Recorded information.
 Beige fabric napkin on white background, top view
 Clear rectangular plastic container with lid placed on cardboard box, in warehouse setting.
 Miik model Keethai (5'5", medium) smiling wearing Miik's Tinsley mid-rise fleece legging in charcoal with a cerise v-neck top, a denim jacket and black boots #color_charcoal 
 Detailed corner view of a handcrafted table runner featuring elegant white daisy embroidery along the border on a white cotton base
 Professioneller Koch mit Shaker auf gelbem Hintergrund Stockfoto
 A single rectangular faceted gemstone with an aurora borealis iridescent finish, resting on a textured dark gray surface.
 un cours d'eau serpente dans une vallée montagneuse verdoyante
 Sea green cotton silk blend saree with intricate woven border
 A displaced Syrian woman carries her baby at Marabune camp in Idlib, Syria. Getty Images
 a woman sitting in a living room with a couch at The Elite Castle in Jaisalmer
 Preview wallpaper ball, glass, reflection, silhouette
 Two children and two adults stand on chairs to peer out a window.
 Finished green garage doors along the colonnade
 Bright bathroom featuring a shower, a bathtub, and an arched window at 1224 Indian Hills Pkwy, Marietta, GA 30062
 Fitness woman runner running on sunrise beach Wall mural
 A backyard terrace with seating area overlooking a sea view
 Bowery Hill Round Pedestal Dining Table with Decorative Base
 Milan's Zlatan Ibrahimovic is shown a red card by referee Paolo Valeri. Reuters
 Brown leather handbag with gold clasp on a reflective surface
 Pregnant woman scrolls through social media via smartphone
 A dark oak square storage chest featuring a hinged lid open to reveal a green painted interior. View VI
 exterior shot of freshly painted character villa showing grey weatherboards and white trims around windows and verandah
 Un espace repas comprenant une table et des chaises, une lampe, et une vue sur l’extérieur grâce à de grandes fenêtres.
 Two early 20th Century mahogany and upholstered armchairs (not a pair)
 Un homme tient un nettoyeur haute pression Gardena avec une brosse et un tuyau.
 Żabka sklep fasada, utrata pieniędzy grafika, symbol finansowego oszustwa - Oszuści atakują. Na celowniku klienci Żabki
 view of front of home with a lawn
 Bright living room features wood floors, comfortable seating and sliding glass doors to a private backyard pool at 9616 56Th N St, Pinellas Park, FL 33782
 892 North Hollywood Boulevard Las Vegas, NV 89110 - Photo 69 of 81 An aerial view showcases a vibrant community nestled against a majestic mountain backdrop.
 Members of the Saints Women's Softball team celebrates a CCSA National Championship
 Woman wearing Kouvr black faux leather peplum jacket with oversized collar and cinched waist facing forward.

Problem to work on. An exact copy of all the records is the expected answer.

Answer for the task.
 Beige fabric napkin on white background, top view
 Clear rectangular plastic container with lid placed on cardboard box, in warehouse setting.
 Miik model Keethai (5'5", medium) smiling wearing Miik's Tinsley mid-rise fleece legging in charcoal with a cerise v-neck top, a denim jacket and black boots #color_charcoal 
 Detailed corner view of a handcrafted table runner featuring elegant white daisy embroidery along the border on a white cotton base
 Professioneller Koch mit Shaker auf gelbem Hintergrund Stockfoto
 A single rectangular faceted gemstone with an aurora borealis iridescent finish, resting on a textured dark gray surface.
 un cours d'eau serpente dans une vallée montagneuse verdoyante
 Sea green cotton silk blend saree with intricate woven border
 A displaced Syrian woman carries her baby at Marabune camp in Idlib, Syria. Getty Images
 a woman sitting in a living room with a couch at The Elite Castle in Jaisalmer
 Preview wallpaper ball, glass, reflection, silhouette
 Two children and two adults stand on chairs to peer out a window.
 Finished green garage doors along the colonnade
 Bright bathroom featuring a shower, a bathtub, and an arched window at 1224 Indian Hills Pkwy, Marietta, GA 30062
 Fitness woman runner running on sunrise beach Wall mural
 A backyard terrace with seating area overlooking a sea view
 Bowery Hill Round Pedestal Dining Table with Decorative Base
 Milan's Zlatan Ibrahimovic is shown a red card by referee Paolo Valeri. Reuters
 Brown leather handbag with gold clasp on a reflective surface
 Pregnant woman scrolls through social media via smartphone
 A dark oak square storage chest featuring a hinged lid open to reveal a green painted interior. View VI
 exterior shot of freshly painted character villa showing grey weatherboards and white trims around windows and verandah
 Un espace repas comprenant une table et des chaises, une lampe, et une vue sur l’extérieur grâce à de grandes fenêtres.
 Two early 20th Century mahogany and upholstered armchairs (not a pair)
 Un homme tient un nettoyeur haute pression Gardena avec une brosse et un tuyau.
 Żabka sklep fasada, utrata pieniędzy grafika, symbol finansowego oszustwa - Oszuści atakują. Na celowniku klienci Żabki
 view of front of home with a lawn
 Bright living room features wood floors, comfortable seating and sliding glass doors to a private backyard pool at 9616 56Th N St, Pinellas Park, FL 33782
 892 North Hollywood Boulevard Las Vegas, NV 89110 - Photo 69 of 81 An aerial view showcases a vibrant community nestled against a majestic mountain backdrop.
 Members of the Saints Women's Softball team celebrates a CCSA National Championship
 Woman wearing Kouvr black faux leather peplum jacket with oversized collar and cinched waist facing forward.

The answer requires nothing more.